The Pretoria Boers asked Nyabela to surrender Mampuru for trial on a charge of murder. Nyabela refused, saying that Mampuru was in his (Nyabela’s) stomach. Another war thus broke out between Nyabela and the Boers. It raged for almost a year – nine months to be precise. Ultimately Nyabela surrendered and gave up Mampuru to the Pretoria Boers. Marishane, Nyabela and Mampuru were tried in the Pretoria Supreme Court. On January 23, 1884, Marishane was sentenced to seven years imprisonment for having granted Mampuru temporary refuge and for “causing a tumult”. He returned to his village Marishane (Mooifontein) thereafter to die.

Nyabela was sentenced to death (later commuted to life imprisonment) on September 22, 1883. Mampuru was sentenced to death for murder and rebellion and was hanged in Pretoria prison on November 22,1883.

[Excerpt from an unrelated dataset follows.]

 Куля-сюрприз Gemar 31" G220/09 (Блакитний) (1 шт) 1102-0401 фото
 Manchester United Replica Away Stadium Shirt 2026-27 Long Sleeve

Thus ended one of the stormiest politico-military careers in our country. And thus too ended the Marota Empire. It had been defended bravely against great odds: The death of Sekhukhune did not pass unnoticed. The London Times of August 30, 1882, announced his death to the world and paid reluctant tribute to him in a long editorial:

“…There is yet no sign of permanent peace among the native races of South Africa. We hear this morning from Durban of the death of one of the bravest of our former enemies, the Chief Sekhukhune. He with his son and fourteen followers, has been killed… The news carries us some years back to the time when the name of Sekhukhune was a name of dread, first to the Dutch and then to the English Colonists of the Transvaal and Natal… It was, indeed to a great extent the danger caused by the neighbourhood of this formidable chief that led to the annexation of the Transvaal by England. When war was declared against the Zulu king, operation went on simultaneously against Sekhukhune and early in 1879 his stronghold was attacked… Obstacles stood in the way of these operations, and when after Ulundi, Sir Garnet Wolseley entered the Transvaal, he endeavoured to humiliate the Chief.

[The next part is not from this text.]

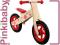 Rowerek biegowy ARTI Rider Plus - Flower New Pink
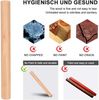 SUPER KITCHEN Buchenholz Nudelholz Teigroller Fondant Pizza Cookie 30 x 3 cm Bild 4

But Sekhukhune was safe, as he imagined, in an impregnable mountain fortress, and scornfully rejected the terms offered by the British General. It became necessary to attack him in force. A combined movement of columns, containing 2,000 English and 10,000 Swazis and other native troops was planned and carried out with great skill, and on the 28th November, 1879, the kraal was taken by assault. Still the Chief and a great number of his men held the “koppie” and from the caves and cracks in the rock they poured an incessant fire upon their assailants. At last the Summit was gained, and after a desperate and sanguinary struggle, the enemy was subdued. Sekhukhune however, like Cetswayo, succeeded in escaping and was only captured a few days later. He was treated for a time as a State prisoner and his land was settled somewhat after the Zulu manner… If, however, the death of Sekhukhune portends anything, it means that the displaced Chief in these savage and warlike regions still retain some power, and that on occasion they are able to rise successfully against him who has superseded them…”

This tribute, however, reluctant, is significant because it was paid at all – in the 19th century the London Times was not in the habit of devoting columns of editorial space to the passing of African kings.

On 13 August 1982, it was King Sekhukhune’s 100th anniversary of his death in 1882.